GOAL OF THE EXERCISE: Line by line, print the records exactly.

[MATERIAL PROVIDED Boundary: Start]

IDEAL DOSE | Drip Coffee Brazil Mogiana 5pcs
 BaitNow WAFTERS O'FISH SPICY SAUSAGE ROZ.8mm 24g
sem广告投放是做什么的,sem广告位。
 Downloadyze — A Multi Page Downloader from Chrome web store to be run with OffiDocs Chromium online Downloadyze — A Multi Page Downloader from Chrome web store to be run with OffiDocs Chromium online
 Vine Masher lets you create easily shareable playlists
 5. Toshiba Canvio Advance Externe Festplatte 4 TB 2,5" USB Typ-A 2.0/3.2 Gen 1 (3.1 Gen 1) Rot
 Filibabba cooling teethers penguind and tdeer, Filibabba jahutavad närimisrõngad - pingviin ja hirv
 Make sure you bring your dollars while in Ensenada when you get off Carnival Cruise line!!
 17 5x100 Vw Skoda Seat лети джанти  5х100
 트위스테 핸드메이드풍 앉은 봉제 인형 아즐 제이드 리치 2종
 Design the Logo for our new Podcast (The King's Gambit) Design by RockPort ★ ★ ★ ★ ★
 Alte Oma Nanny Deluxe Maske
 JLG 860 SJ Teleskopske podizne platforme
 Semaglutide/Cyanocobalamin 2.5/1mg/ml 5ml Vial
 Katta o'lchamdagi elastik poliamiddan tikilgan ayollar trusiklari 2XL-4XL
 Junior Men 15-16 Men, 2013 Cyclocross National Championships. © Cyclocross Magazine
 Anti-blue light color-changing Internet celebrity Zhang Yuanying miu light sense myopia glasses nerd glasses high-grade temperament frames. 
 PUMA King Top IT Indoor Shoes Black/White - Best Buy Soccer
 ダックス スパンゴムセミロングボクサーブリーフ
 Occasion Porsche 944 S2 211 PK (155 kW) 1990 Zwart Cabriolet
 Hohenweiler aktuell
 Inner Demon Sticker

[MATERIAL PROVIDED Boundary: End]

EXERCISE ANSWER:
IDEAL DOSE | Drip Coffee Brazil Mogiana 5pcs
 BaitNow WAFTERS O'FISH SPICY SAUSAGE ROZ.8mm 24g
sem广告投放是做什么的,sem广告位。
 Downloadyze — A Multi Page Downloader from Chrome web store to be run with OffiDocs Chromium online Downloadyze — A Multi Page Downloader from Chrome web store to be run with OffiDocs Chromium online
 Vine Masher lets you create easily shareable playlists
 5. Toshiba Canvio Advance Externe Festplatte 4 TB 2,5" USB Typ-A 2.0/3.2 Gen 1 (3.1 Gen 1) Rot
 Filibabba cooling teethers penguind and tdeer, Filibabba jahutavad närimisrõngad - pingviin ja hirv
 Make sure you bring your dollars while in Ensenada when you get off Carnival Cruise line!!
 17 5x100 Vw Skoda Seat лети джанти  5х100
 트위스테 핸드메이드풍 앉은 봉제 인형 아즐 제이드 리치 2종
 Design the Logo for our new Podcast (The King's Gambit) Design by RockPort ★ ★ ★ ★ ★
 Alte Oma Nanny Deluxe Maske
 JLG 860 SJ Teleskopske podizne platforme
 Semaglutide/Cyanocobalamin 2.5/1mg/ml 5ml Vial
 Katta o'lchamdagi elastik poliamiddan tikilgan ayollar trusiklari 2XL-4XL
 Junior Men 15-16 Men, 2013 Cyclocross National Championships. © Cyclocross Magazine
 Anti-blue light color-changing Internet celebrity Zhang Yuanying miu light sense myopia glasses nerd glasses high-grade temperament frames. 
 PUMA King Top IT Indoor Shoes Black/White - Best Buy Soccer
 ダックス スパンゴムセミロングボクサーブリーフ
 Occasion Porsche 944 S2 211 PK (155 kW) 1990 Zwart Cabriolet
 Hohenweiler aktuell
 Inner Demon Sticker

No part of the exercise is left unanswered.